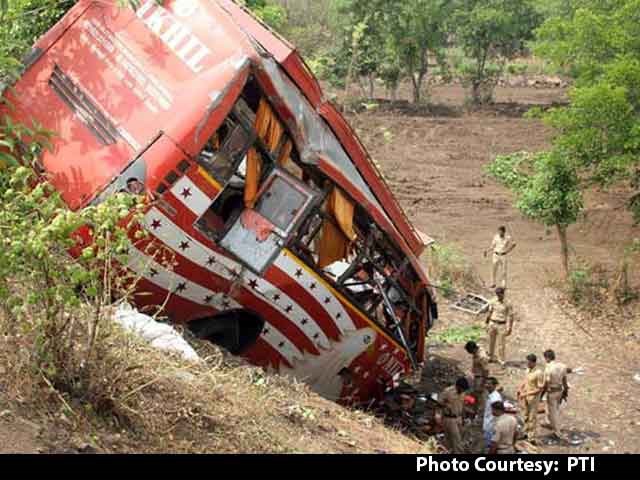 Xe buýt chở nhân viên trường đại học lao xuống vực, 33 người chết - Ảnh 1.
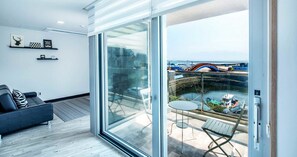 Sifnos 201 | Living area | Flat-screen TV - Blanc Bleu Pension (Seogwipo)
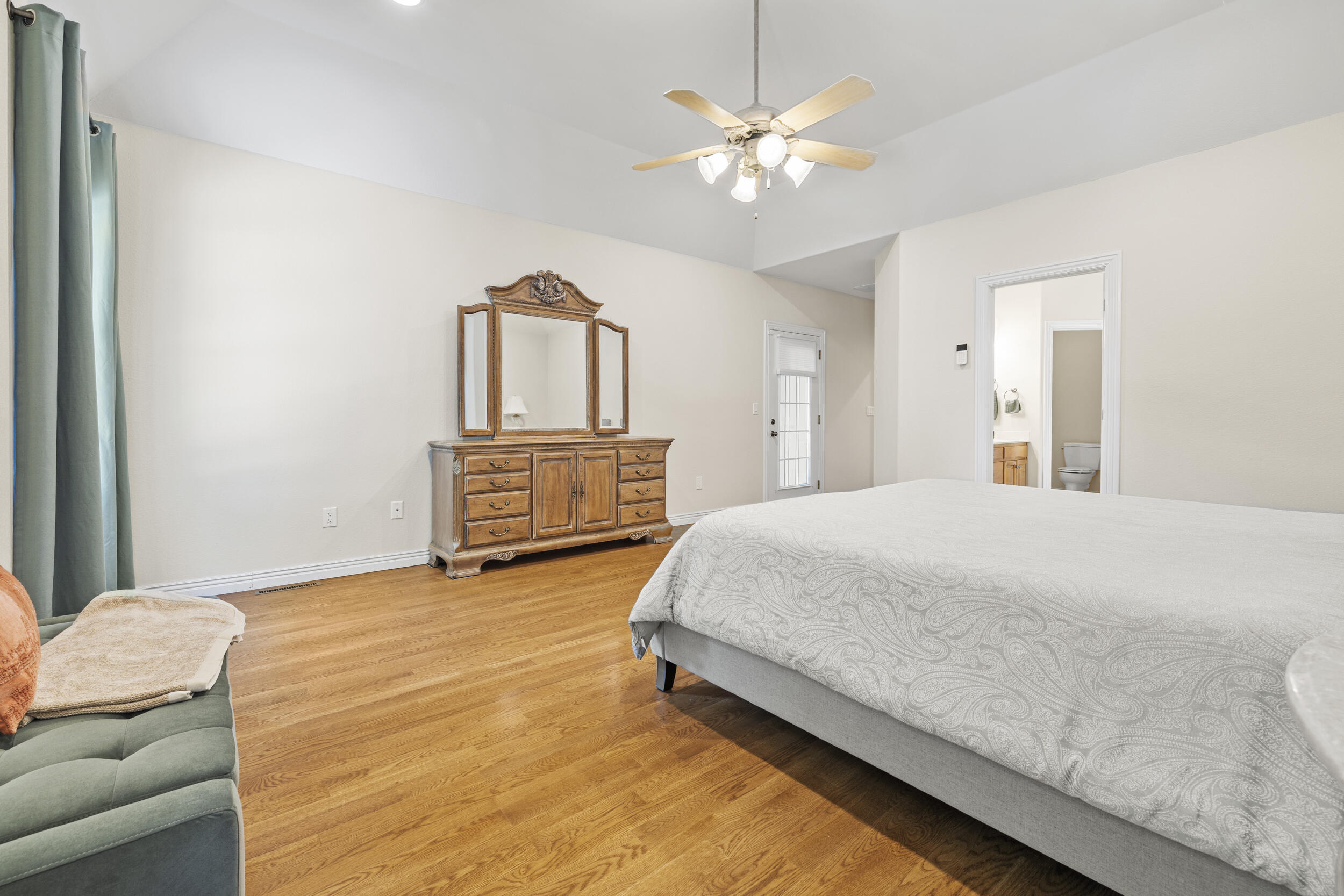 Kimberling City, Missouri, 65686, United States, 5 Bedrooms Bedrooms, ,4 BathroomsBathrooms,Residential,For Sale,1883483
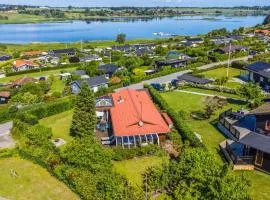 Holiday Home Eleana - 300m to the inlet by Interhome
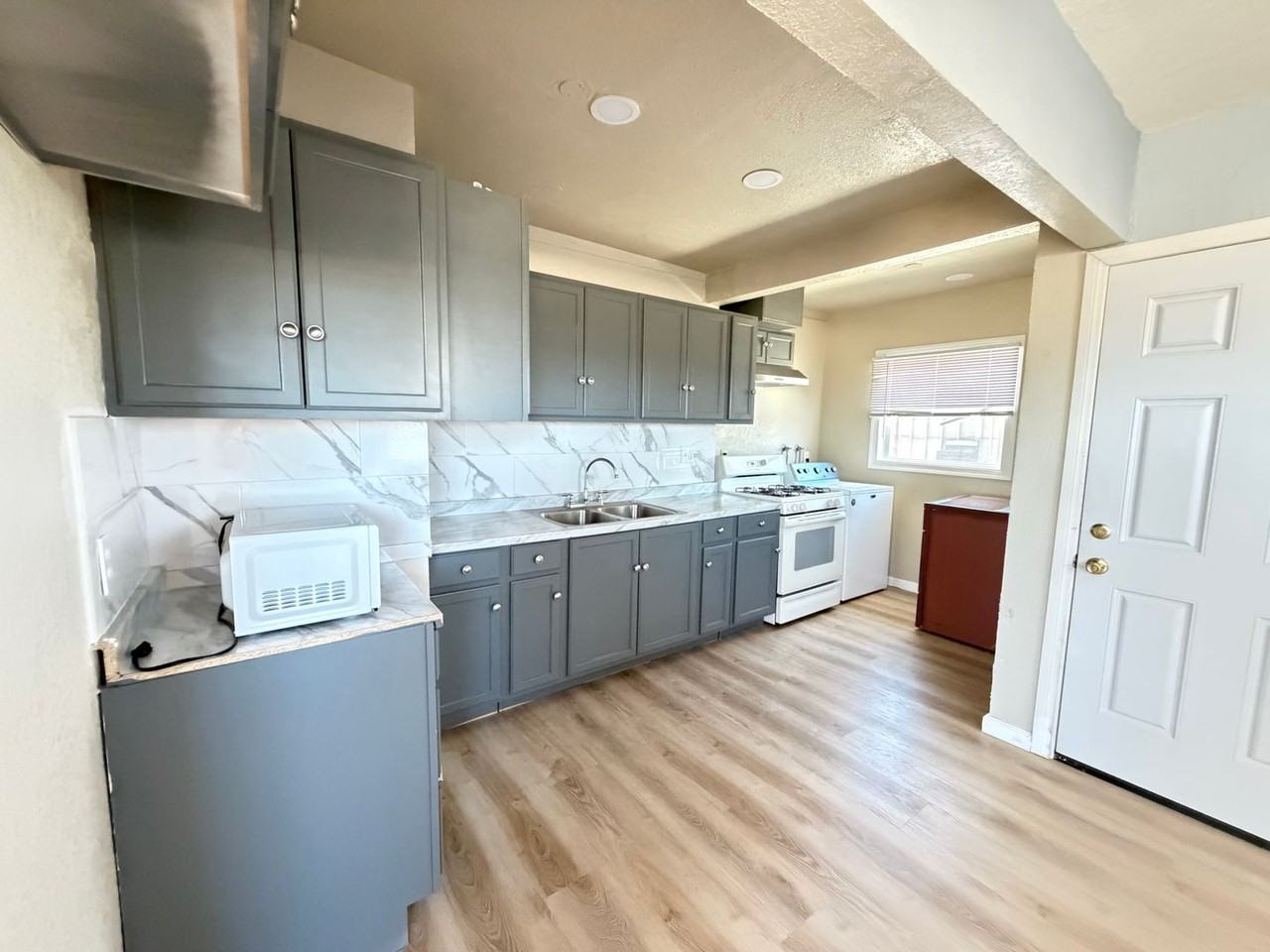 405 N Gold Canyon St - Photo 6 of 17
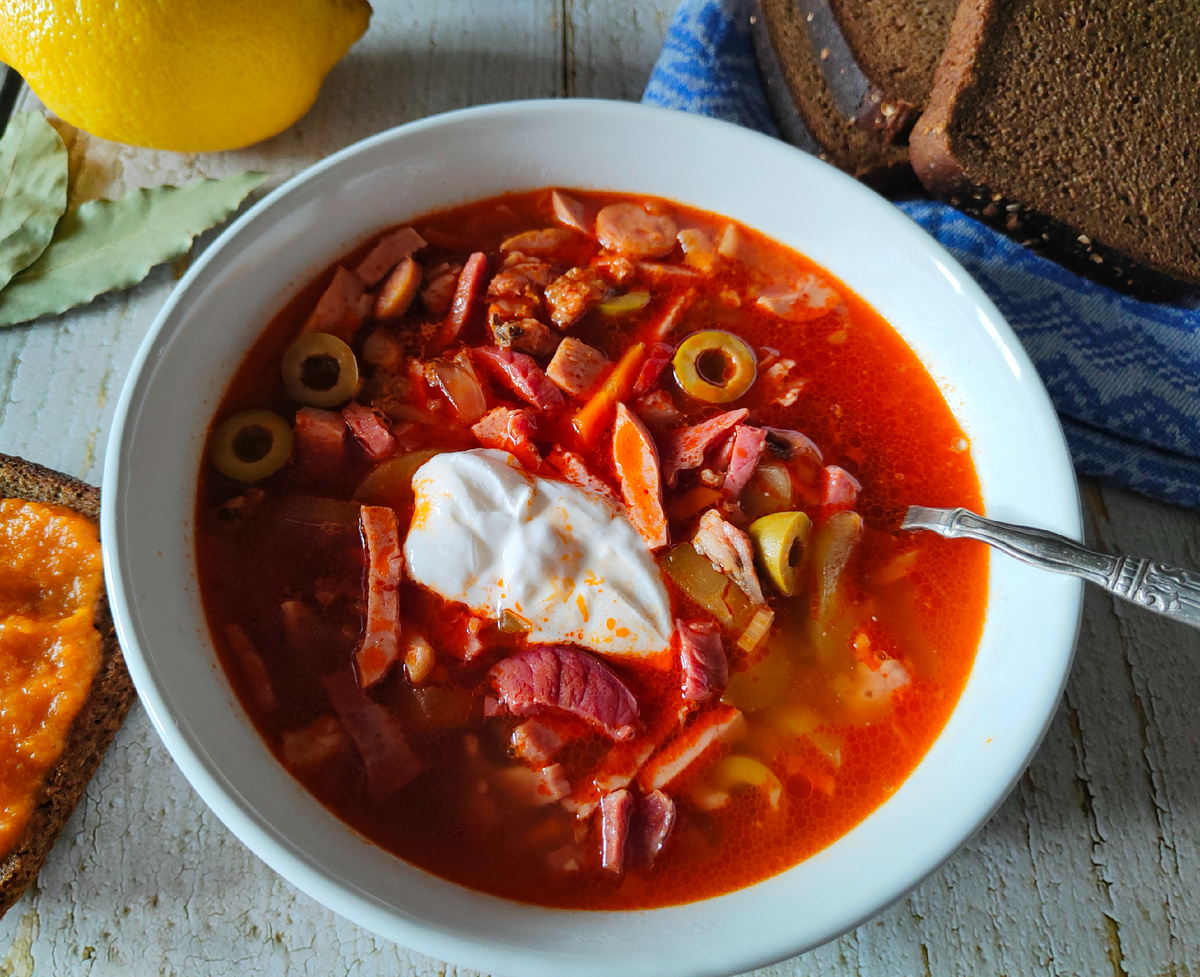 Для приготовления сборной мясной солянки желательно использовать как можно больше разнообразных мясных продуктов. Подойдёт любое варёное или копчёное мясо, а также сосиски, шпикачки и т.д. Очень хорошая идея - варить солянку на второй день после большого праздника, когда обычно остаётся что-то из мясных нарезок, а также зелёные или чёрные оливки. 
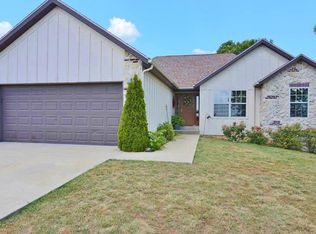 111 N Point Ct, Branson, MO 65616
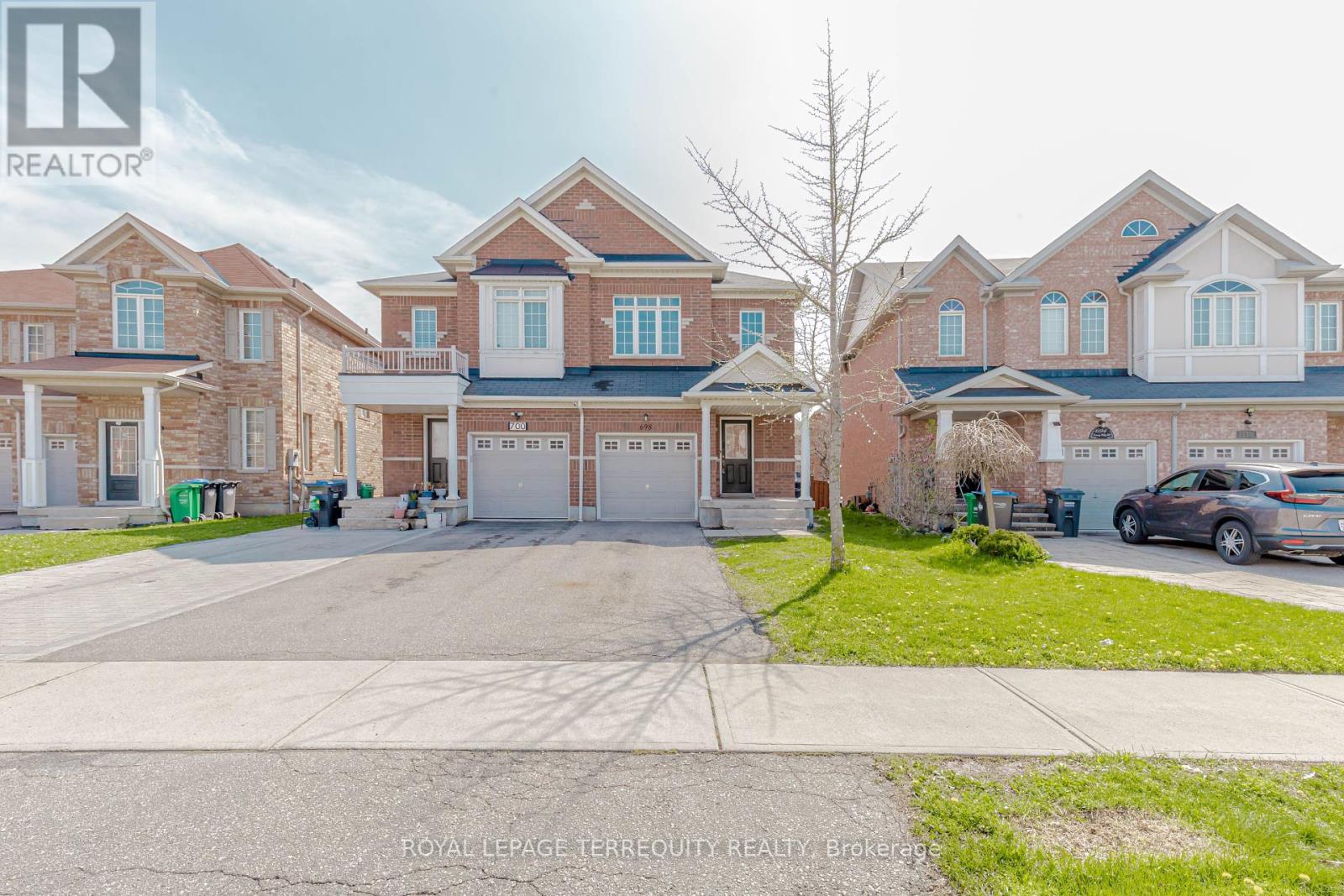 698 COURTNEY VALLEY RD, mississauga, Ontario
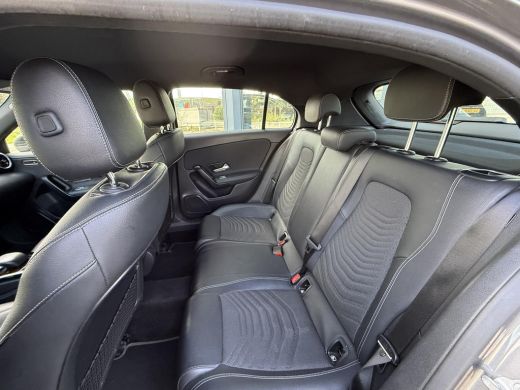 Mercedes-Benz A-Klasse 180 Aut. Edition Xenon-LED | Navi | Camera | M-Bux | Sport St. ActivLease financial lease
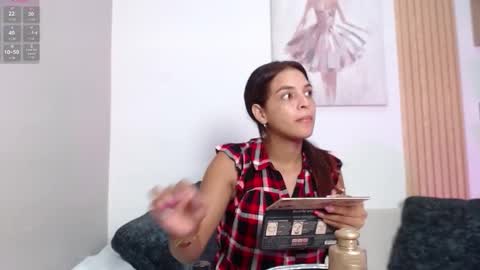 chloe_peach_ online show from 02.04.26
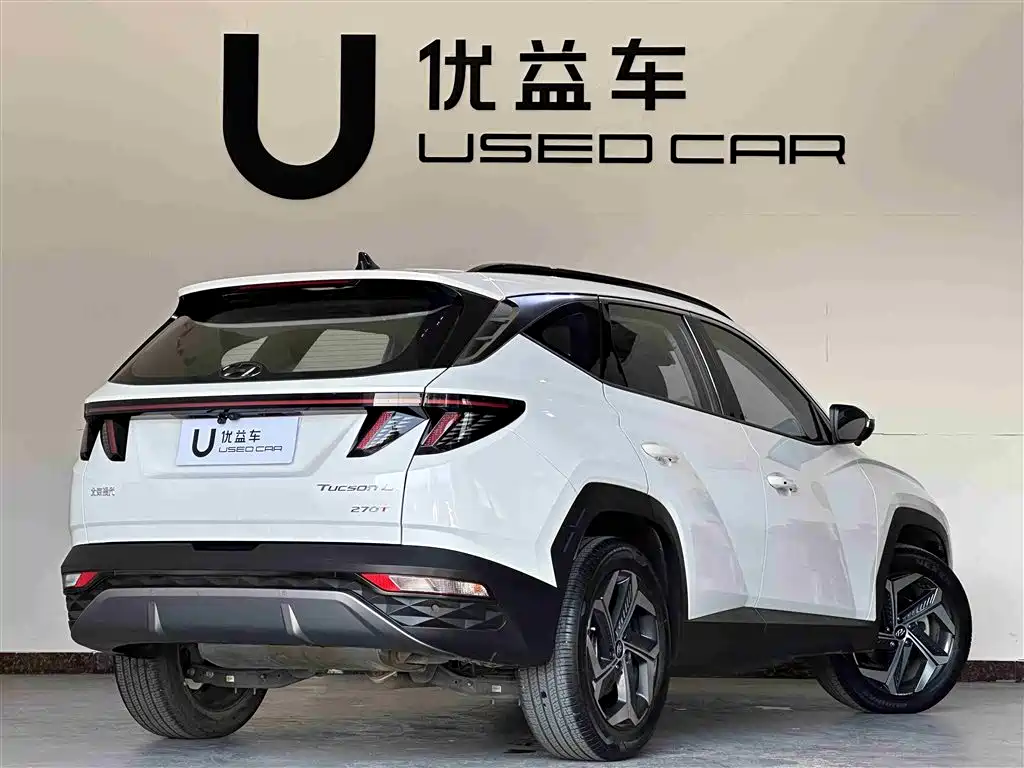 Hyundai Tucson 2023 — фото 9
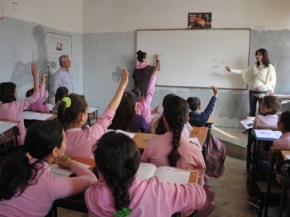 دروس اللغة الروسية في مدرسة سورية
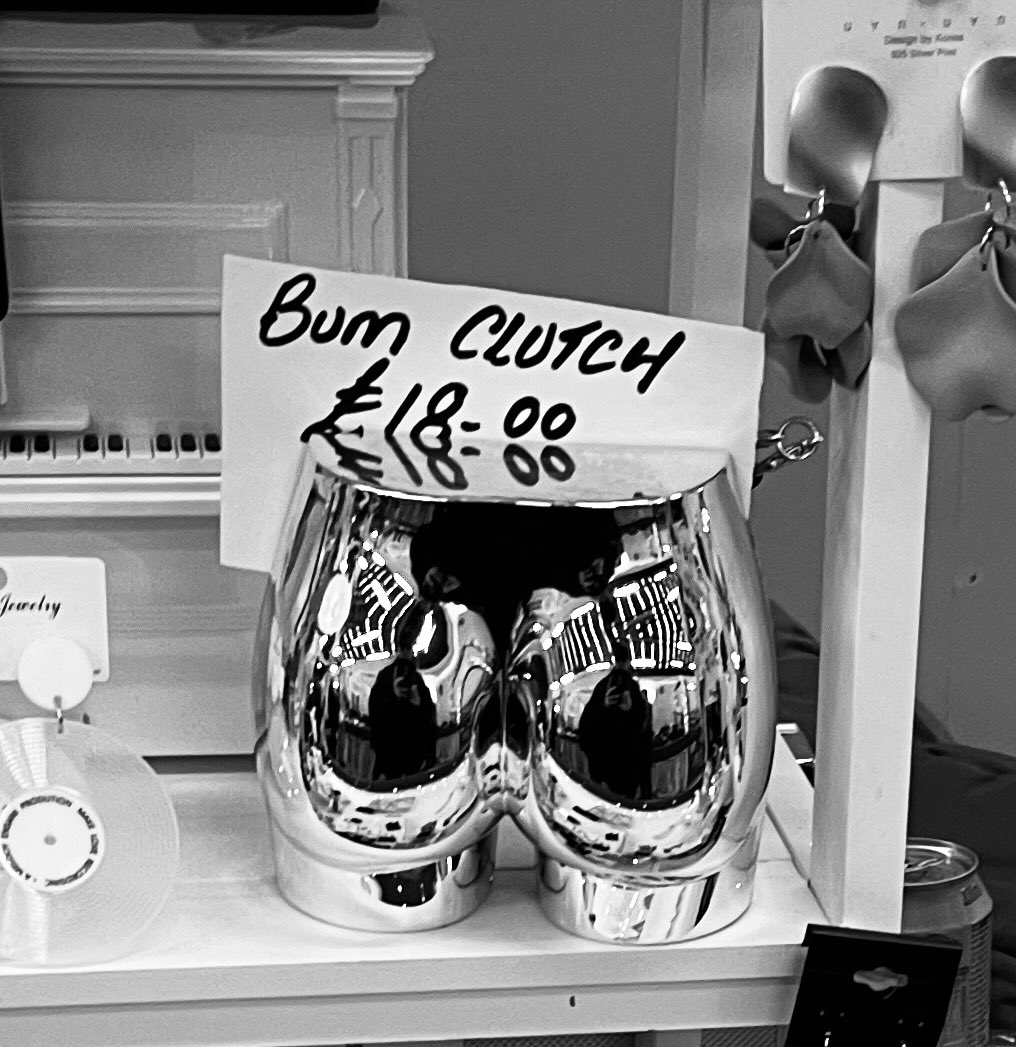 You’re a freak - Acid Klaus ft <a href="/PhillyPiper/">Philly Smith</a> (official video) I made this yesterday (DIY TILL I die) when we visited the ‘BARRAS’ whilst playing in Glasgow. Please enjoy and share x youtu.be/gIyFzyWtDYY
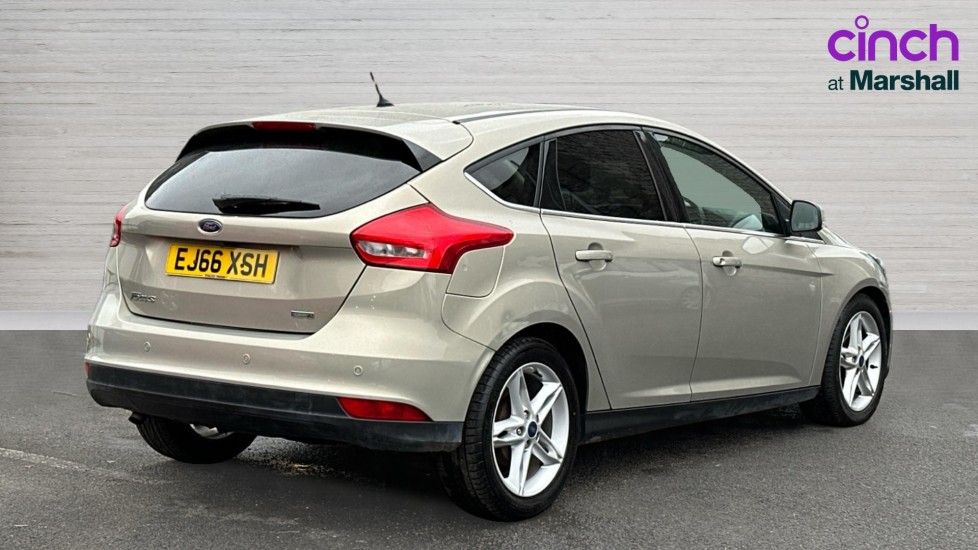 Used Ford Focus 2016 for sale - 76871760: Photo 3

■ **TO DO**:
Once you reach the line containing "Hyundai Tucson 2023 — фото 9", print it and every line after it exactly, through the end of the entries, without any pictures.

■ **OUTPUT**:
 Hyundai Tucson 2023 — фото 9
 دروس اللغة الروسية في مدرسة سورية
 You’re a freak - Acid Klaus ft <a href="/PhillyPiper/">Philly Smith</a> (official video) I made this yesterday (DIY TILL I die) when we visited the ‘BARRAS’ whilst playing in Glasgow. Please enjoy and share x youtu.be/gIyFzyWtDYY
 Used Ford Focus 2016 for sale - 76871760: Photo 3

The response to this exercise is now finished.